Um vídeo publicado em 2022 no YouTube por um blogueiro mostra o poço em Belidzhi, sua chegada de carro e um mergulho com familiares. Ele afirmou: "O poço termal de Beliji (Belidzhi) também conhecido como 'Goryachka', está localizado a 1 km da costa do Mar Cáspio... A temperatura da água é de aproximadamente 40°C (104°F), e sua composição é cloreto de cálcio. Os minerais contêm predominantemente iodo (até 30 mg/L), bromo (200-250 mg/L) e bário (300 mg/L)."
Explicação científica do fenômeno
Humberto Marotta Ribeiro, da UFF, explicou que "o fenômeno de água com chamas é, sim, possível". "É conhecido em lagos que congelam em parte do ano e cujo fundo pode apresentar sedimentos orgânicos e/ou sistemas geológicos associados a gás natural ou petróleo, embora não seja restrito a regiões frias. A explicação mais provável é o escape de gás inflamável, principalmente metano, junto com a água." O especialista citou como exemplo um vídeo da BBC no YouTube intitulado "Lagos de metano congelado são potenciais desastres", que mostra chamas em um lago sob a neve.
Questionado se a chama queima, Ribeiro afirmou: "A chama queima, sim. O que ocorre é que a combustão se concentra no gás que sai da água, e não na água. A água absorve calor, molha a pele e reduz o tempo e a intensidade do contato direto com a chama. Ainda assim, não é uma situação segura. Caso a pessoa permanecesse mais tempo, o fluxo de gás fosse maior ou a chama tocasse diretamente a pele, poderia haver queimadura."
O professor detalhou que "esse gás metano pode ter diferentes origens naturais, desde a decomposição de matéria orgânica recente, presente nos sedimentos de fundo, até processos geológicos de milhares a milhões de anos, em camadas ainda mais profundas associadas ao gás natural". "Em temperatura ambiente, a combustão do metano em contato com o oxigênio atmosférico precisa de ignição natural ou humana. Para ter uma ideia do seu poder combustível, o metano é o principal constituinte do gás natural que usamos como fonte de energia."

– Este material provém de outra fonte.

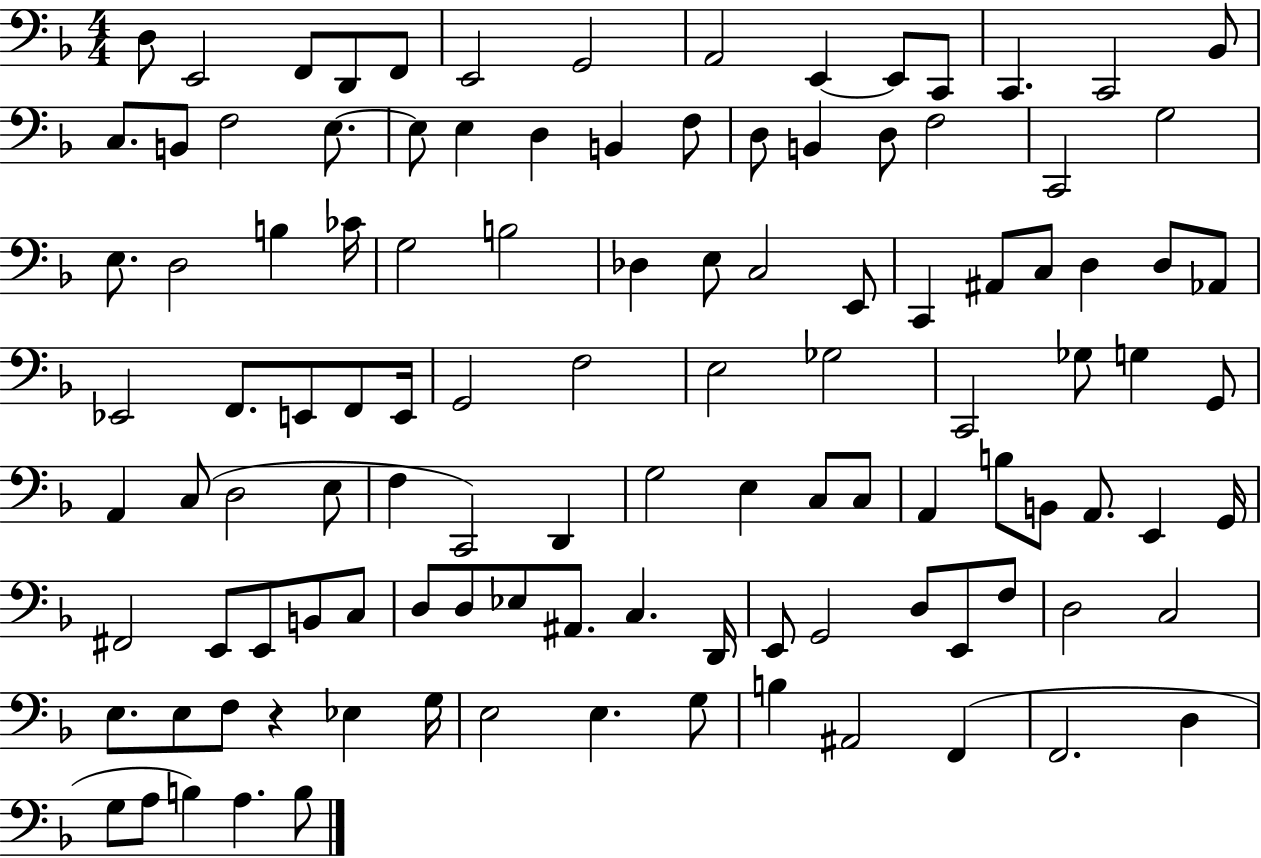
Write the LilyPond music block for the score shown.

{
  \clef bass
  \numericTimeSignature
  \time 4/4
  \key f \major
  d8 e,2 f,8 d,8 f,8 | e,2 g,2 | a,2 e,4~~ e,8 c,8 | c,4. c,2 bes,8 | \break c8. b,8 f2 e8.~~ | e8 e4 d4 b,4 f8 | d8 b,4 d8 f2 | c,2 g2 | \break e8. d2 b4 ces'16 | g2 b2 | des4 e8 c2 e,8 | c,4 ais,8 c8 d4 d8 aes,8 | \break ees,2 f,8. e,8 f,8 e,16 | g,2 f2 | e2 ges2 | c,2 ges8 g4 g,8 | \break a,4 c8( d2 e8 | f4 c,2) d,4 | g2 e4 c8 c8 | a,4 b8 b,8 a,8. e,4 g,16 | \break fis,2 e,8 e,8 b,8 c8 | d8 d8 ees8 ais,8. c4. d,16 | e,8 g,2 d8 e,8 f8 | d2 c2 | \break e8. e8 f8 r4 ees4 g16 | e2 e4. g8 | b4 ais,2 f,4( | f,2. d4 | \break g8 a8 b4) a4. b8 | \bar "|."
}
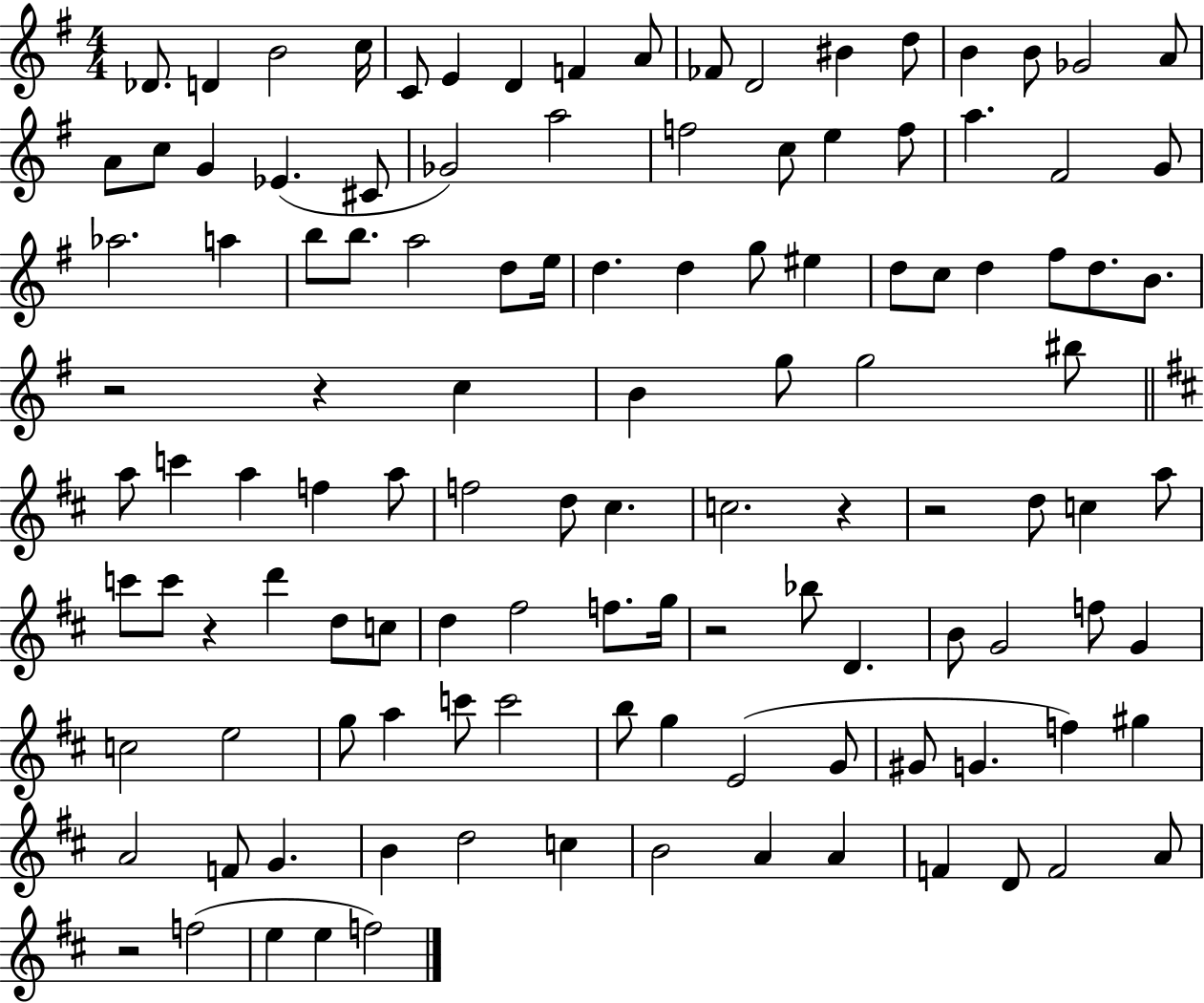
Db4/e. D4/q B4/h C5/s C4/e E4/q D4/q F4/q A4/e FES4/e D4/h BIS4/q D5/e B4/q B4/e Gb4/h A4/e A4/e C5/e G4/q Eb4/q. C#4/e Gb4/h A5/h F5/h C5/e E5/q F5/e A5/q. F#4/h G4/e Ab5/h. A5/q B5/e B5/e. A5/h D5/e E5/s D5/q. D5/q G5/e EIS5/q D5/e C5/e D5/q F#5/e D5/e. B4/e. R/h R/q C5/q B4/q G5/e G5/h BIS5/e A5/e C6/q A5/q F5/q A5/e F5/h D5/e C#5/q. C5/h. R/q R/h D5/e C5/q A5/e C6/e C6/e R/q D6/q D5/e C5/e D5/q F#5/h F5/e. G5/s R/h Bb5/e D4/q. B4/e G4/h F5/e G4/q C5/h E5/h G5/e A5/q C6/e C6/h B5/e G5/q E4/h G4/e G#4/e G4/q. F5/q G#5/q A4/h F4/e G4/q. B4/q D5/h C5/q B4/h A4/q A4/q F4/q D4/e F4/h A4/e R/h F5/h E5/q E5/q F5/h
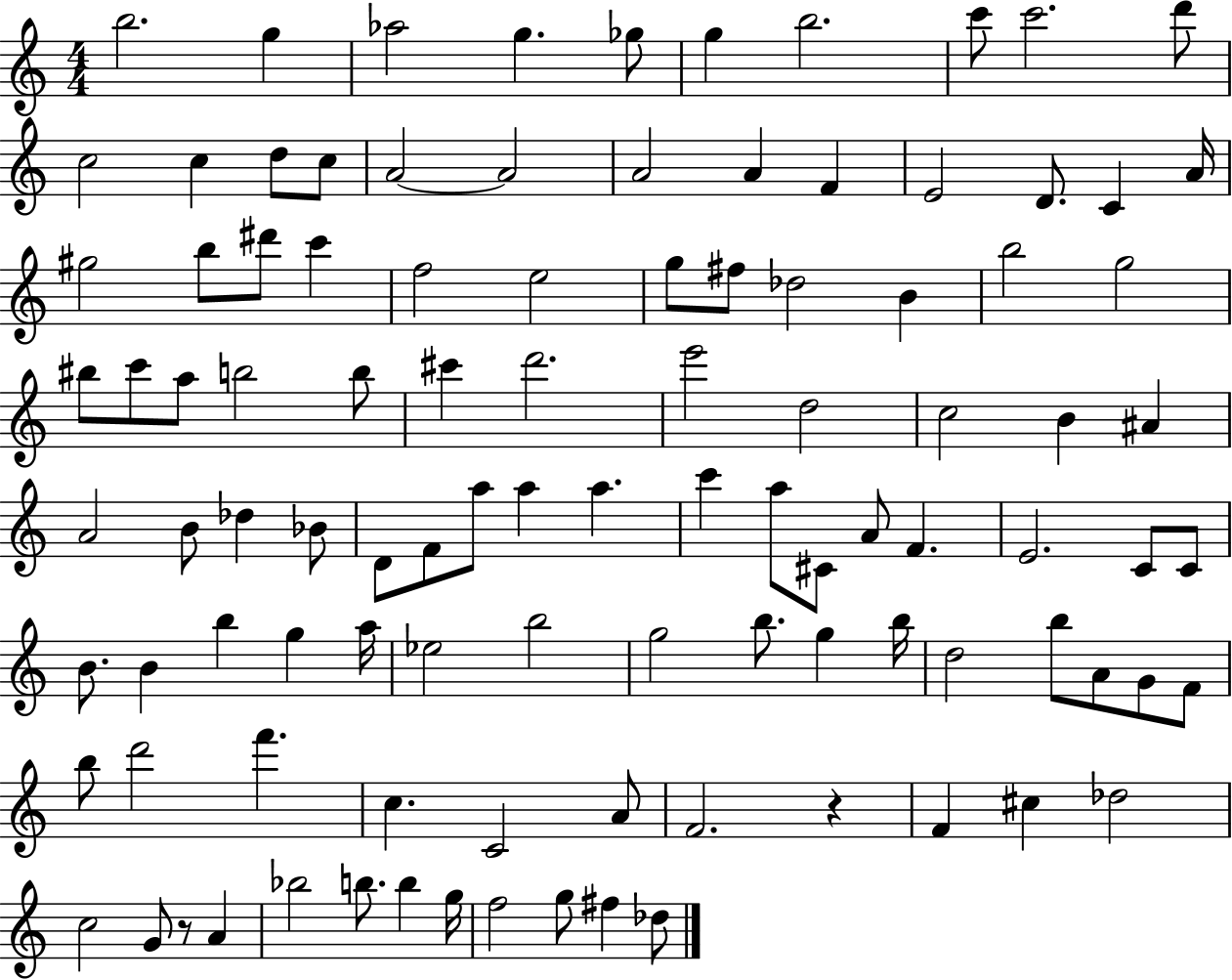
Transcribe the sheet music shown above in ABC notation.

X:1
T:Untitled
M:4/4
L:1/4
K:C
b2 g _a2 g _g/2 g b2 c'/2 c'2 d'/2 c2 c d/2 c/2 A2 A2 A2 A F E2 D/2 C A/4 ^g2 b/2 ^d'/2 c' f2 e2 g/2 ^f/2 _d2 B b2 g2 ^b/2 c'/2 a/2 b2 b/2 ^c' d'2 e'2 d2 c2 B ^A A2 B/2 _d _B/2 D/2 F/2 a/2 a a c' a/2 ^C/2 A/2 F E2 C/2 C/2 B/2 B b g a/4 _e2 b2 g2 b/2 g b/4 d2 b/2 A/2 G/2 F/2 b/2 d'2 f' c C2 A/2 F2 z F ^c _d2 c2 G/2 z/2 A _b2 b/2 b g/4 f2 g/2 ^f _d/2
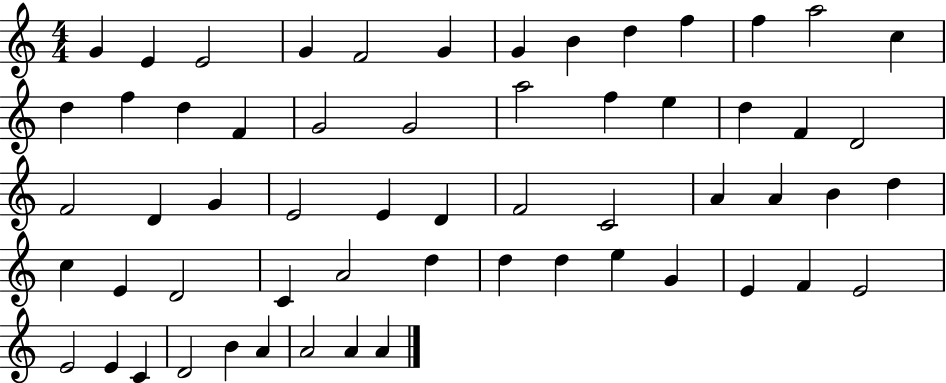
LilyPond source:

{
  \clef treble
  \numericTimeSignature
  \time 4/4
  \key c \major
  g'4 e'4 e'2 | g'4 f'2 g'4 | g'4 b'4 d''4 f''4 | f''4 a''2 c''4 | \break d''4 f''4 d''4 f'4 | g'2 g'2 | a''2 f''4 e''4 | d''4 f'4 d'2 | \break f'2 d'4 g'4 | e'2 e'4 d'4 | f'2 c'2 | a'4 a'4 b'4 d''4 | \break c''4 e'4 d'2 | c'4 a'2 d''4 | d''4 d''4 e''4 g'4 | e'4 f'4 e'2 | \break e'2 e'4 c'4 | d'2 b'4 a'4 | a'2 a'4 a'4 | \bar "|."
}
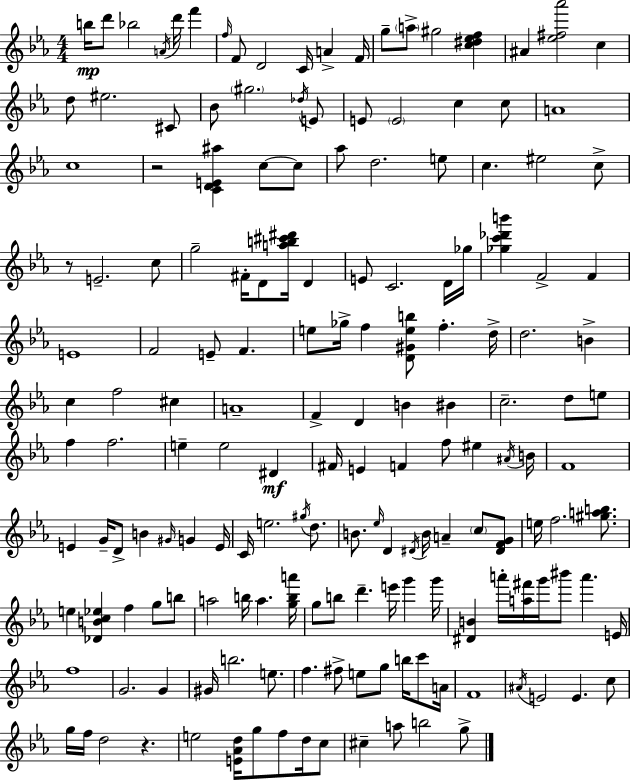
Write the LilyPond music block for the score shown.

{
  \clef treble
  \numericTimeSignature
  \time 4/4
  \key c \minor
  b''16\mp d'''8 bes''2 \acciaccatura { a'16 } d'''16 f'''4 | \grace { f''16 } f'8 d'2 c'16 a'4-> | f'16 g''8-- \parenthesize a''8-> gis''2 <c'' dis'' ees'' f''>4 | ais'4 <ees'' fis'' aes'''>2 c''4 | \break d''8 eis''2. | cis'8 bes'8 \parenthesize gis''2. | \acciaccatura { des''16 } e'8 e'8 \parenthesize e'2 c''4 | c''8 a'1 | \break c''1 | r2 <c' d' e' ais''>4 c''8~~ | c''8 aes''8 d''2. | e''8 c''4. eis''2 | \break c''8-> r8 e'2.-- | c''8 g''2-- fis'16-. d'8 <a'' b'' cis''' dis'''>16 d'4 | e'8 c'2. | d'16 ges''16 <ges'' c''' des''' b'''>4 f'2-> f'4 | \break e'1 | f'2 e'8-- f'4. | e''8 ges''16-> f''4 <d' gis' e'' b''>8 f''4.-. | d''16-> d''2. b'4-> | \break c''4 f''2 cis''4 | a'1-- | f'4-> d'4 b'4 bis'4 | c''2.-- d''8 | \break e''8 f''4 f''2. | e''4-- e''2 dis'4\mf | fis'16 e'4 f'4 f''8 eis''4 | \acciaccatura { ais'16 } b'16 f'1 | \break e'4 g'16-- d'8-> b'4 \grace { gis'16 } | g'4 e'16 c'16 e''2. | \acciaccatura { gis''16 } d''8. b'8. \grace { ees''16 } d'4 \acciaccatura { dis'16 } b'16 | a'4-- \parenthesize c''8 <dis' f' g'>8 e''16 f''2. | \break <gis'' a'' b''>8. e''4 <des' b' c'' ees''>4 | f''4 g''8 b''8 a''2 | b''16 a''4. <g'' b'' a'''>16 g''8 b''8 d'''4.-- | e'''16 g'''4 g'''16 <dis' b'>4 a'''16-. <a'' fis'''>16 g'''16 bis'''8 | \break a'''4. e'16 f''1 | g'2. | g'4 gis'16 b''2. | e''8. f''4. fis''8-> | \break e''8 g''8 b''16 c'''8 a'16 f'1 | \acciaccatura { ais'16 } e'2 | e'4. c''8 g''16 f''16 d''2 | r4. e''2 | \break <e' aes' d''>16 g''8 f''8 d''16 c''8 cis''4-- a''8 b''2 | g''8-> \bar "|."
}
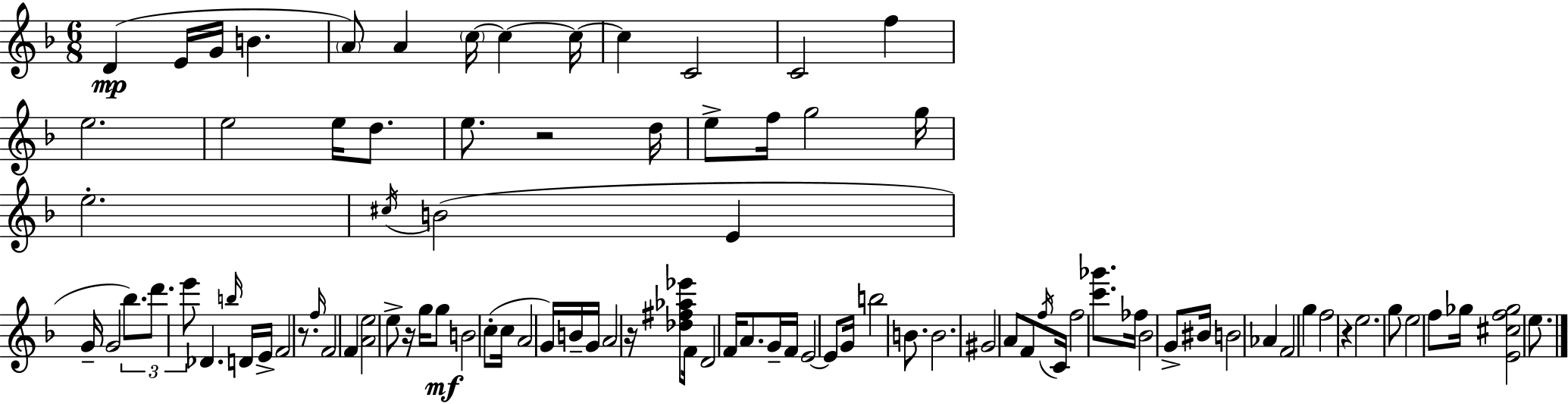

Sobre a temperatura da água e da chama, Ribeiro explicou: "A água pode ser gelada ou até morna, dependendo da origem da fonte. O fato de haver chama não significa necessariamente que a água seja quente, porque quem queima é o gás acima da água, não a água em si. Em condição ideal, uma chama de metano no ar pode atingir temperaturas da ordem de 1.900 °C, mas, ao ar livre, com mistura irregular de gás e oxigênio, vento, água e perda de calor, a temperatura real pode ser muito menor e variar bastante no trajeto do bombeamento."
Conclusão: é #FATO
Com base na análise de múltiplas fontes, incluindo publicações de veículos russos, relatos de turistas, vídeos no YouTube e a explicação do especialista da UFF, o vídeo é verdadeiro. O fenômeno ocorre devido ao escape de gás metano junto com a água, que queima sem causar danos imediatos ao banhista devido à proteção da água e ao curto tempo de exposição. No entanto, a situação é potencialmente perigosa e não deve ser replicada sem os devidos cuidados.